Exactly as they appear below, repeat the lines from the one with "Black steel exterior" through the one with "MILANO, ITALY - FEBRUARY", and no others.

▶ The data
....................

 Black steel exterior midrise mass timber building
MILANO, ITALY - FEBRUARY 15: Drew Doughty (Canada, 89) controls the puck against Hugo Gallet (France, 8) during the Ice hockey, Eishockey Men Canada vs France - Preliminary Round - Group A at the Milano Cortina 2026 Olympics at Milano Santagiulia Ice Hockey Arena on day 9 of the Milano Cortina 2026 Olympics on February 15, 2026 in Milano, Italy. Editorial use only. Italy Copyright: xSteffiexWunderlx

....................

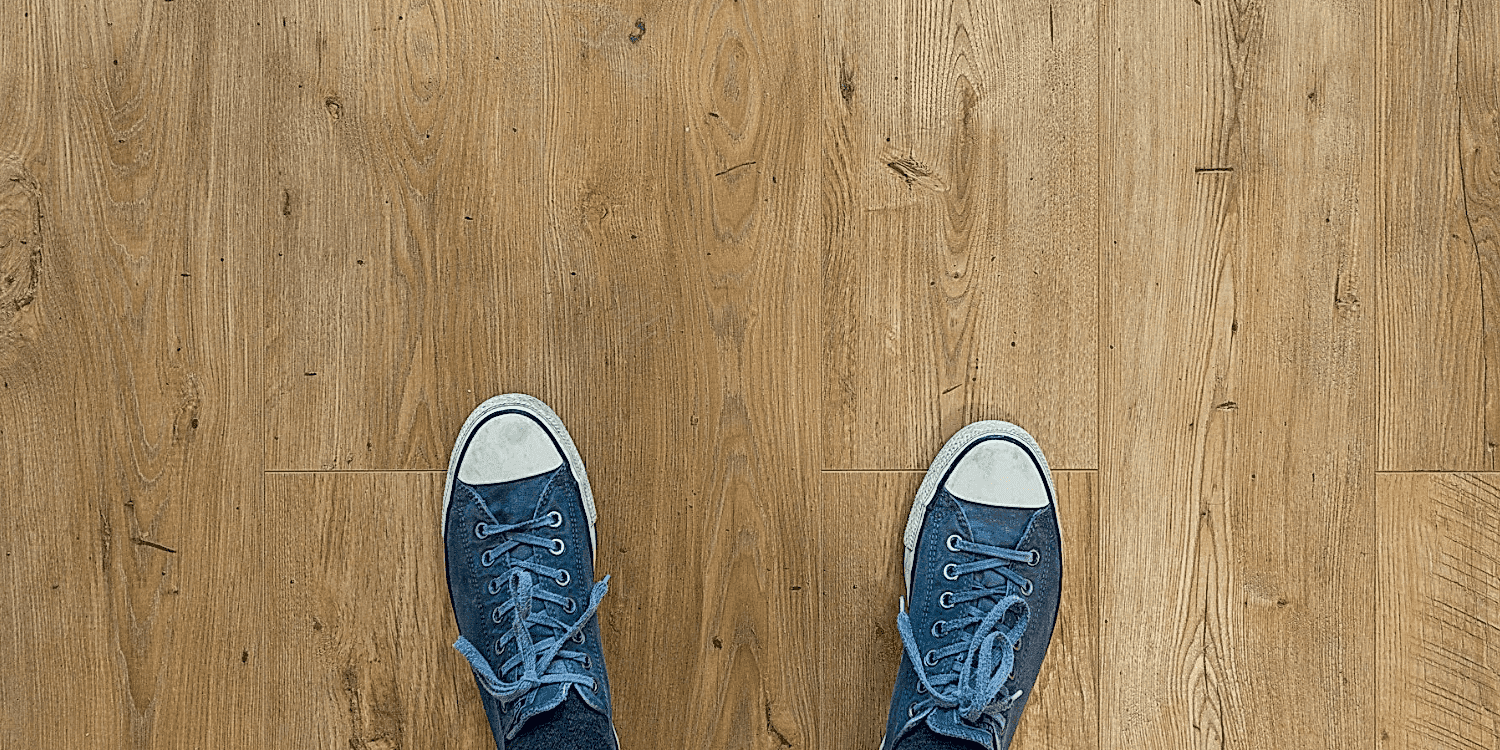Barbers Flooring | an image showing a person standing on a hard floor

....................

▶ Solved problem
 Black steel exterior midrise mass timber building
MILANO, ITALY - FEBRUARY 15: Drew Doughty (Canada, 89) controls the puck against Hugo Gallet (France, 8) during the Ice hockey, Eishockey Men Canada vs France - Preliminary Round - Group A at the Milano Cortina 2026 Olympics at Milano Santagiulia Ice Hockey Arena on day 9 of the Milano Cortina 2026 Olympics on February 15, 2026 in Milano, Italy. Editorial use only. Italy Copyright: xSteffiexWunderlx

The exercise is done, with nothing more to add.